The battle against counterfeiters has been going on for a while now. Companies who have their goods counterfeited have invested heavily in sophisticated tech solutions, the internet of things (IoT) and Artificial Intelligence (AI) to authenticate products. Furthermore, companies rely on enforcement bodies, under the guidance of their IP attorney, to conduct search and seizure operations in order to seize counterfeit goods. The intention of seizing counterfeit goods is to remove them from the market and to get them destroyed. Affected companies use the services of attorneys to prosecute sellers and manufacturers of counterfeit goods, as well as to block access to websites that sell counterfeit goods online.
The importation of counterfeit goods globally is estimated to be worth nearly half a trillion US Dollars a year. This is a very significant figure as it highlights the potential losses in profits that could be suffered by the rightful owners.

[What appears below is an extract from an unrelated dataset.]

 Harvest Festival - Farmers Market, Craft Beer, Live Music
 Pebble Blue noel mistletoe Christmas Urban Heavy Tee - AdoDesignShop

The year 2020 has seen the COVID-19 outbreak, which is a problem on its own. However, to make matters worse, consumers have had to try and deal with the harse life threatening consequences of COVID-19 as well as to be on the look-out for counterfeit goods.
As the WHO has recommended that nations, inter alia, adhere to social distancing measures, in an attempt to curb the spread of the virus, we saw an increase in consumers resorting to e-commerce platforms to purchase essential products. A number of countries also adopted restrictions of movements of people with the aim of slowing down COVID-19 infections on citizens. The most counterfeited essential products included, inter alia, personal protective equipment (face masks and face shields) and hygiene products.
Criminals are taking advantage of the high demand for personal protection and hygiene products by flooding the market with counterfeit products such as low quality facemasks, substandard hand sanitizers, substandard and non-functional testing kits and artificial soap. African countries are unfortunately bearing the brunt of these criminal acts as the African continent has some of the poorest citizens in the world.
We have seen countries such as Tanzania focusing their resources in conducting search and seizure operations solely focussed at essential goods such as personal protection and hygiene products. This act by the Tanzanian enforcement agencies has been a very positive response to deal with the criminal life-threatening activities of counterfeiters during COVID-19.
The option available to a brand holder in order to combat counterfeiting during this critical time is to identify the counterfeiters and to rid the markets of their goods as soon as possible, with the assistance of an IP attorney. A number of African enforcement agencies are still operating within their borders and we can assist with the lodging of complaints in order to have the goods removed from and ultimately get them destroyed.